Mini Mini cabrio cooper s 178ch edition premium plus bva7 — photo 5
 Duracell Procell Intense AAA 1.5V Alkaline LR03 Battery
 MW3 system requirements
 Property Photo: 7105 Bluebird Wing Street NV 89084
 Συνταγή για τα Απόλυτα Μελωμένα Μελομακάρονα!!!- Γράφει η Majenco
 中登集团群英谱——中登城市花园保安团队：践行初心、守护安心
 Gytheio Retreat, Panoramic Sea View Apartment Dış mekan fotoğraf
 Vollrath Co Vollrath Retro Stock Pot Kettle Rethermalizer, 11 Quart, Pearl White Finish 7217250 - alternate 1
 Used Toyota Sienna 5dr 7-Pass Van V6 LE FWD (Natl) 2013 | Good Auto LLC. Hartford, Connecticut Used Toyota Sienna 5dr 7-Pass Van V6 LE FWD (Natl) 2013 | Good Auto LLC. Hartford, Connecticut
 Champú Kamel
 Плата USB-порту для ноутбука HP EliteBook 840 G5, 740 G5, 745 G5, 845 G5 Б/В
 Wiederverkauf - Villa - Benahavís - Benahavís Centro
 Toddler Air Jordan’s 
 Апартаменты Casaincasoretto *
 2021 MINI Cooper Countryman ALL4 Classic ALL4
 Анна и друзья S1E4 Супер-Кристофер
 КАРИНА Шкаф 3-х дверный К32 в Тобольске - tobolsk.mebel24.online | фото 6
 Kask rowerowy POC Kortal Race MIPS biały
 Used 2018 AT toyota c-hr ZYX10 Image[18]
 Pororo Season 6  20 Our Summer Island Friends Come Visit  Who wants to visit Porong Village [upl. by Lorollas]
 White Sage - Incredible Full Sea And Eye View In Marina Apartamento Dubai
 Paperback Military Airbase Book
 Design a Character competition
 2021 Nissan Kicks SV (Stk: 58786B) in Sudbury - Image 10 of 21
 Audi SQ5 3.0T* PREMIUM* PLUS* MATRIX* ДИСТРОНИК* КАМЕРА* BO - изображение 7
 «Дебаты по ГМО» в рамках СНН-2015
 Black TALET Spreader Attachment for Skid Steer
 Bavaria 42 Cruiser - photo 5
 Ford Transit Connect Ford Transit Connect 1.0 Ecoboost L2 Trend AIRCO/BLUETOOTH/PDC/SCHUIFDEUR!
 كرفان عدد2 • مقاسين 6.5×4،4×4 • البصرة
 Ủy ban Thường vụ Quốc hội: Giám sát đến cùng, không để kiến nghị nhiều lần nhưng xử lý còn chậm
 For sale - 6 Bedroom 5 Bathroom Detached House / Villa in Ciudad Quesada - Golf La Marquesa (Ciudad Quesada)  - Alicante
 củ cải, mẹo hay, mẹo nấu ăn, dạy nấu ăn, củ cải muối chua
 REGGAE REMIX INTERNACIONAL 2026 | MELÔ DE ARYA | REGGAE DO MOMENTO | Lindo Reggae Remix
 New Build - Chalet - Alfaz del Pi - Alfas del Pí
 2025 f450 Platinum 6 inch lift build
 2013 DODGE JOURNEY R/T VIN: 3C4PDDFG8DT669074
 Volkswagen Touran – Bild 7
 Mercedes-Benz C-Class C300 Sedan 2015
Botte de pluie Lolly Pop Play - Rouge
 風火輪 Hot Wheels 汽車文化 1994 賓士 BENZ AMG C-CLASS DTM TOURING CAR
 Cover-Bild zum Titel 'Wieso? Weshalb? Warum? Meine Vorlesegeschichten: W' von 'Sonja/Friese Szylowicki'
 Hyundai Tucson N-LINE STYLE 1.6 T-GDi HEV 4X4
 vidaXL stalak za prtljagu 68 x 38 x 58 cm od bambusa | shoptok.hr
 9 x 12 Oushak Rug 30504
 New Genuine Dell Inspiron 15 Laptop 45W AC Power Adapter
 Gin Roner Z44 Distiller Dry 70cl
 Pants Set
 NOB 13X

________________________

WORK ORDER: Search the listing for the string "Image". Copy each line where it turns up.

ANSWER SPACE:
 Used 2018 AT toyota c-hr ZYX10 Image[18]
 2021 Nissan Kicks SV (Stk: 58786B) in Sudbury - Image 10 of 21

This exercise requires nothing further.